Get a New Grain: Millet

I love millet, so it throws me when, more than with any other grain it seems, people scrunch up their noses when I mention it. In an effort to remedy this, I’m going to wax on a bit about why I adore it. First off, it’s a quick-cooking grain; on your plate in just 20 minutes. Second, it’s like vanilla ice cream: good on its own, yet still a blank canvas for whatever you want to make it. Third, its texture is lovely—and versatile; you can make it fluffy like a pilaf, or sticky like sticky rice. And last but not least, it’s incredibly nutritious, packing a good dose of protein and vitamin B along with minerals like iron and manganese.

Those four reasons should be enough to inspire you to read further. After you do, let me know what you love about millet!

millet-whole-grain

What it Looks Like: Millet looks like butter-colored—the really intensely yellow of French butter–beads.

What it Tastes Like: Taste-wise, I find millet to be about the same “neutral but with a pleasing flavor’”as a basic brown rice. Texture-wise, as I mentioned above, millet can vary from fluffy and almost poppy (as in it sort of bursts to the bite) to somewhat dense and sticky.
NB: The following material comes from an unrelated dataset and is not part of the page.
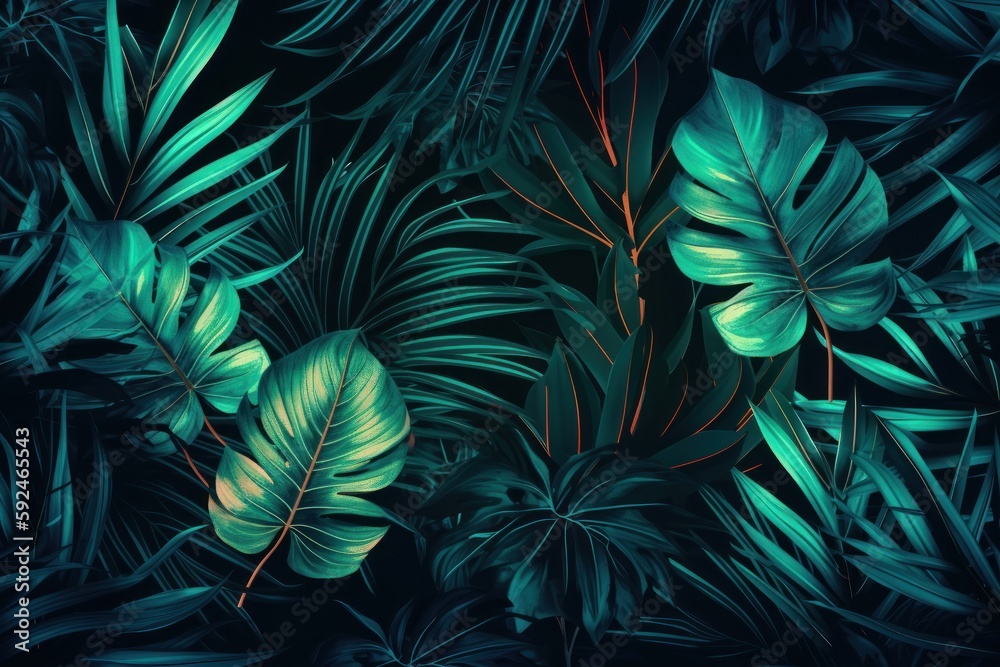 neon background with tropical leaves neon background with tropical leaves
How to Cook it: As with many grains, millet takes on a deeper flavor and retains its integrity better if you toast it in a bit of fat in the pot before boiling (skip this step, though, if you want to the millet to be sticky). Then add 2-1/2 cups liquid (with millet, I like to use some sort of flavorful broth) to 1 cup millet. Bring to a boil, cover, reduce the heat and simmer for 15 minutes. Finish by letting the millet stand, covered, for 5 minutes and fluffing before serving.
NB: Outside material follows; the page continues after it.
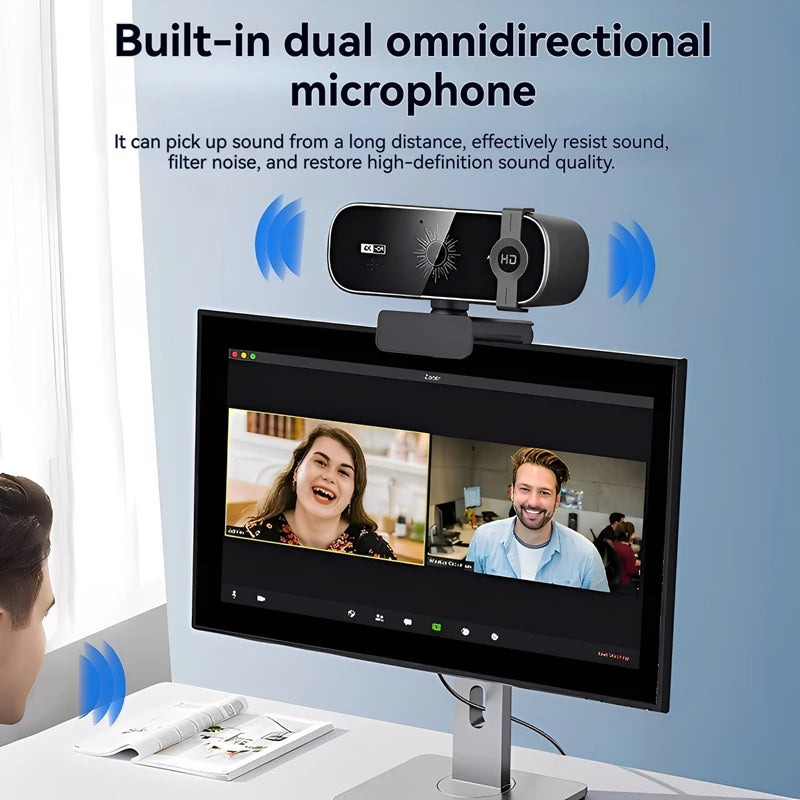 Webcam 4K con autofocus, copertura privacy e telecomando – Plug & Play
How to Use it: I like to use millet as a stand-in for rice in baked one-pot dishes, like the Cuban-Style Millet con Pollo below. Sticky millet makes a fun crust for savory pies and casseroles.

Additional Notes: Like many whole grains, millet can go rancid quickly in the cupboard. It’s best to buy it in smaller quantities (from the bulk bin is fine … although sniff it to make sure it doesn’t smell bitter) and keep it in the freezer. Another big note—millet is gluten free.